I'm also very happy with mine at the moment. First i started with parabolic booster, it helped. Wanted to go further, bought itelite panel from dbsmods. Well, it kinda worked and not.. it was super sensitive when aiming. Now FPVLR v2 + sunhans 2.5w amp on control side and miniamp booster on the bird video side.

Waiting for battery packs now.. then i will know for sure - if the current setup it enough or does it need some tuning. Need to give credit to dbsmod bracket, it's super good compared to fpvlr 3d-printed one.
 
I measured my sunhans 2w booster.
20160210_185917.jpg

Got quite similar values of all 32 channels
Gl300b
 
And thats the video side, not control? Asking because i know normally you have the booster on control side.
 
I think it's worthwhile to post these specs from this thread here for quick reference. Credit goes to GadgetGuy. This is good info.

Difference in Power Outputs on DJI Transmitters and Aircraft:

The GL300Acontroller has a frequency range of:
(2404.00000000 - 2480.00000000 and a power output of 0.038000 )

The GL300Bcontroller has a frequency range of:
2404.00000000 - 2480.00000000 and a power output of 0.0380000

The GL300Ccontroller has a frequency range of:
2404.00000000 - 2470.00000000 and a power output of 0.3030000 .

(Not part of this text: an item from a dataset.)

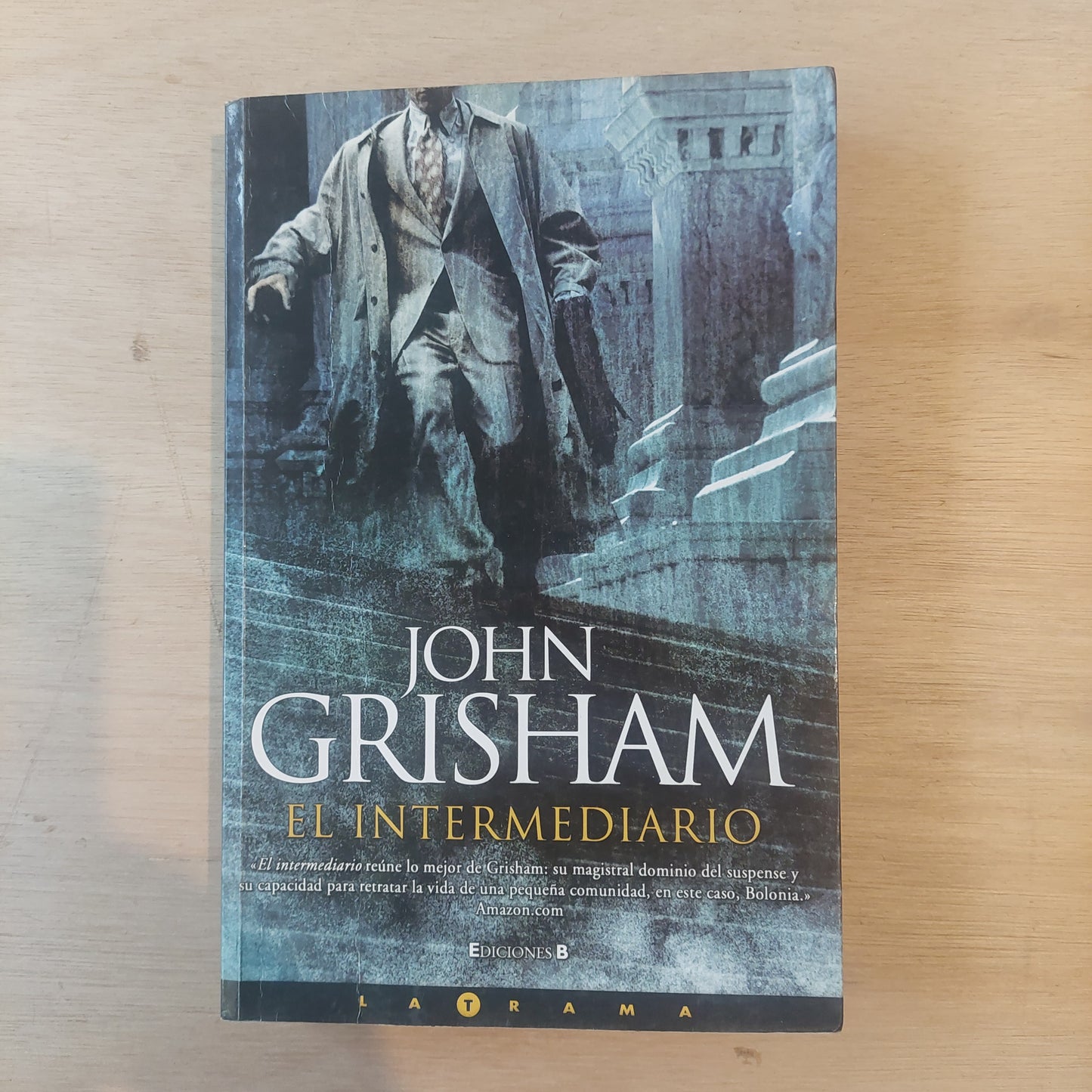 El intermediario - John Grisham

The W323 Phantom 3 Professional has a frequency range of:
(2406.50000000 - 2476.50000000 and a power output of 0.7460000 )
FCC ID: SS3-WM3231503
2406.50000000 2476.50000000 0.7460000

The W323APhantom 3 Professional has a frequency range of:
2406.50000000 - 2476.50000000 and a power output of 0.6120000 (82% of the W323)
(18% more than W323B)

FCC ID: SS3-WM3231507
2406.50000000 2476.50000000 0.6120000

The W323BPhantom 3 Professional has a frequency range of:
2406.50000000 - 2476.50000000 and a power output of 0.5200000 (70% of the W323)

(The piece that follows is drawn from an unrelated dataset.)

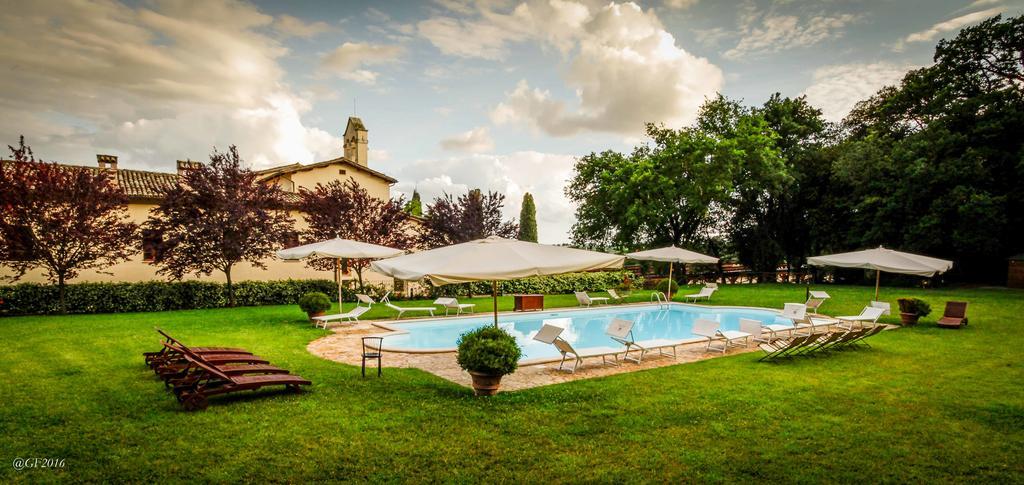 San Pietro Sopra Le Acque Resort & Spa Massa Martana Exterior photo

Both the GL300C and W323C have less power output for control and video transmission signals than the original GL300A and the W323 P3P.
 
And thats the video side, not control? Asking because i know normally you have the booster on control side.
Rc side.
But I'll do measurements of the bird across all channels as well. Struggling to keep up with my 4 month old son at the moment.
 
I have measured all channels on the bird. Very interesting result .
Fpvlr air side booster. Ce
Ch1 66,41mw
Ch2 68,00mw
Ch3 75.47mw
Ch4 80.46mw
Ch5 88.56mw
Ch6 91.43mw
Ch7 94.41mw
Ch8 114.38mw
Ch9 110.78mw
Ch10 110.78mw
Ch11 107.29mw
Ch12 107.29mw
Ch13 103.91mw
Ch14 103.91mw
Ch15 103.91mw
Ch16 100.64mw
Ch17 103.91mw
Ch18 103.91mw
Ch19 107.29mw
Ch20 110.78mw
Ch21 118.09mw
Ch22 121.93mw
Ch23 130.66mw
Ch24 135.60mw
Ch25 151.58mw
Ch26 157.32mw
Ch27 169.45mw
Ch28 182.51mw
Ch29 182.51mw
Ch30 196.58mw
Ch31 196.58mw
Ch32 196.58mw
 
Interesting indeed.. too bad receiving side sunhans doesn't do very good job with those higher freqs. Might be worth a try to mod that same miniamp inside the remote..

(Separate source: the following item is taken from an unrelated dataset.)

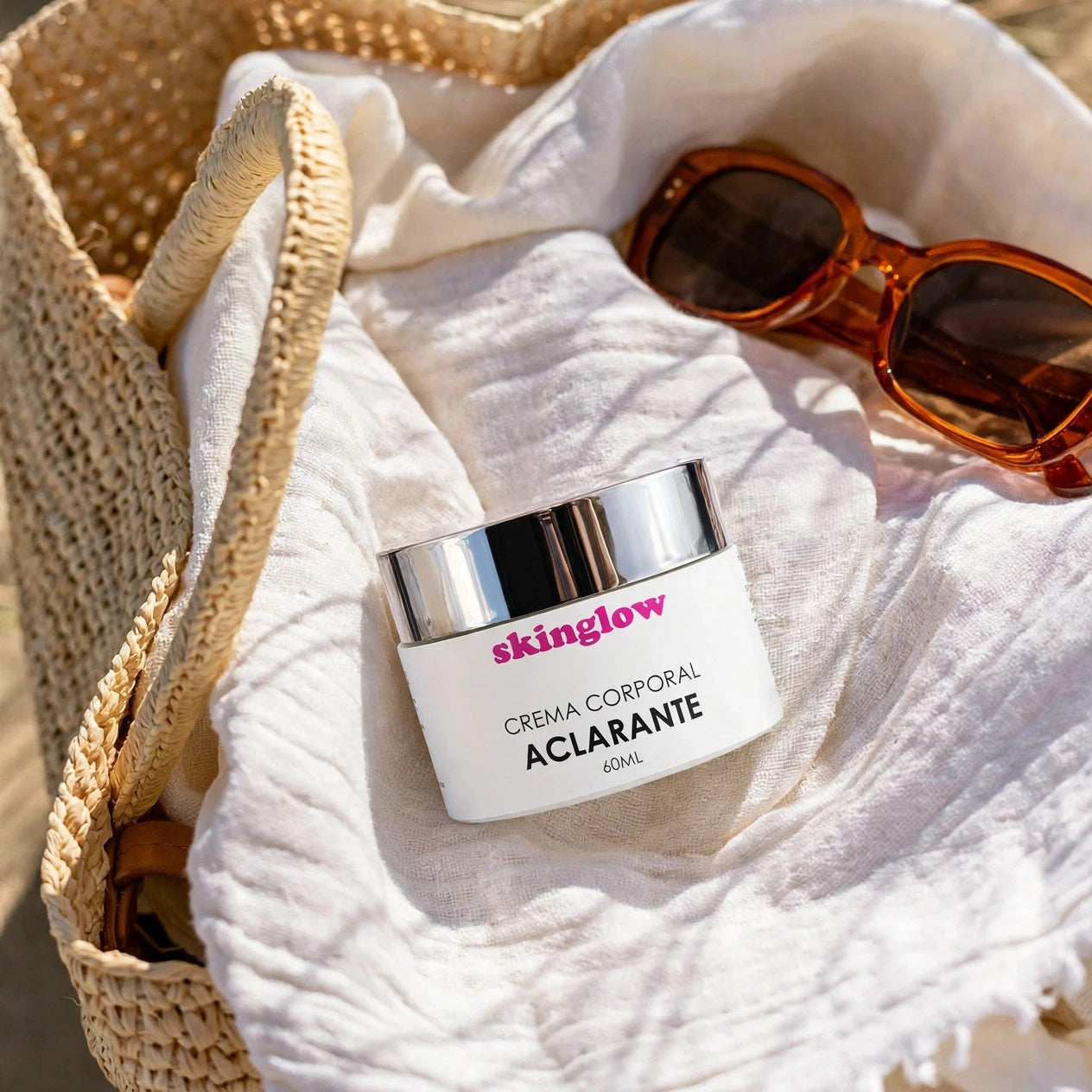 Crema Aclarante | SkinGlow | 60ml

I guess this is why fpvlr suggests that no amp needed for video after the airside mod.
 
I'm afraid mini amplifier will overheatwhen not being cooled by props.
I do not think it is necessary to have an amp at the receiver with this mod.
 
So .. Basically just using channel 32 will hypothetically increase our range with video feed ?? Or am I mistaken ?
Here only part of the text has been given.